Extract from the listing each line in which the word "coffee" appears.
(Exercise input begins)
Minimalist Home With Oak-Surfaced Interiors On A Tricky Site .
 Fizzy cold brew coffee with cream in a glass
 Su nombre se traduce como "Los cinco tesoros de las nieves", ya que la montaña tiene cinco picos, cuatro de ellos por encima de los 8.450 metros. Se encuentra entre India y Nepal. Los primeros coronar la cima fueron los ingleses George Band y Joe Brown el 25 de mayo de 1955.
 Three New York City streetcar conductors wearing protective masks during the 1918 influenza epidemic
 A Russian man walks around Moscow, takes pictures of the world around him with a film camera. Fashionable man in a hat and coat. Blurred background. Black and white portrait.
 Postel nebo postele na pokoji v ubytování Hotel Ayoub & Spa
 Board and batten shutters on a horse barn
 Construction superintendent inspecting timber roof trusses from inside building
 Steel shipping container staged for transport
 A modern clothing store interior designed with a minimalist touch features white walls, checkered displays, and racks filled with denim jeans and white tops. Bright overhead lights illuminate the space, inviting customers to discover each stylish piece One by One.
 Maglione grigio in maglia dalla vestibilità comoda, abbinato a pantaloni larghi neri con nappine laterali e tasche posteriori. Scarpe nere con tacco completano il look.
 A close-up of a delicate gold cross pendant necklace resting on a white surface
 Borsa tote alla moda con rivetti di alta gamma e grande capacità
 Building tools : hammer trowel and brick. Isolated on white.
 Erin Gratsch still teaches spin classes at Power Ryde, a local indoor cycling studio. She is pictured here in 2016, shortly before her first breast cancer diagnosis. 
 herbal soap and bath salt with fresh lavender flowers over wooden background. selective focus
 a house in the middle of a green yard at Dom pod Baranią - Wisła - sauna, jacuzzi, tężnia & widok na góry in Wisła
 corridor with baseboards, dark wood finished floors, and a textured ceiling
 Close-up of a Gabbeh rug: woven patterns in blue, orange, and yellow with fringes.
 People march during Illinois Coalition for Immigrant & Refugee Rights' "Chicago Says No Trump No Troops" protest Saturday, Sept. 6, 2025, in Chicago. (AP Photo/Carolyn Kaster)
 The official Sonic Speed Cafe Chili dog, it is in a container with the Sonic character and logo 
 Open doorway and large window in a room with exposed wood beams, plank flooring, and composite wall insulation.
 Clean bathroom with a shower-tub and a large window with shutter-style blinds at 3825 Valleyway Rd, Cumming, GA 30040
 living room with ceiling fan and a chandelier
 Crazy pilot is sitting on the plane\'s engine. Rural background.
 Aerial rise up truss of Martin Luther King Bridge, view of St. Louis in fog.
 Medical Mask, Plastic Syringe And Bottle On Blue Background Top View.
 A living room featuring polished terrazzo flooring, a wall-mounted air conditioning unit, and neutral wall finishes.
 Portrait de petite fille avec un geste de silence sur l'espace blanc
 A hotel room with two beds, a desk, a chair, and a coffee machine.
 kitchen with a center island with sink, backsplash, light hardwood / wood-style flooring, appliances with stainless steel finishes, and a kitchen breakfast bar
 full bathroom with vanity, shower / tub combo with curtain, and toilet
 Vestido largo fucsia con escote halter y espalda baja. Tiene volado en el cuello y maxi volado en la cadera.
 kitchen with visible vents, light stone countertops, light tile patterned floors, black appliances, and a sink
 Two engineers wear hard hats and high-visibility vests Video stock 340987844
(Exercise input ends)
■ Problem solution:
 Fizzy cold brew coffee with cream in a glass
 A hotel room with two beds, a desk, a chair, and a coffee machine.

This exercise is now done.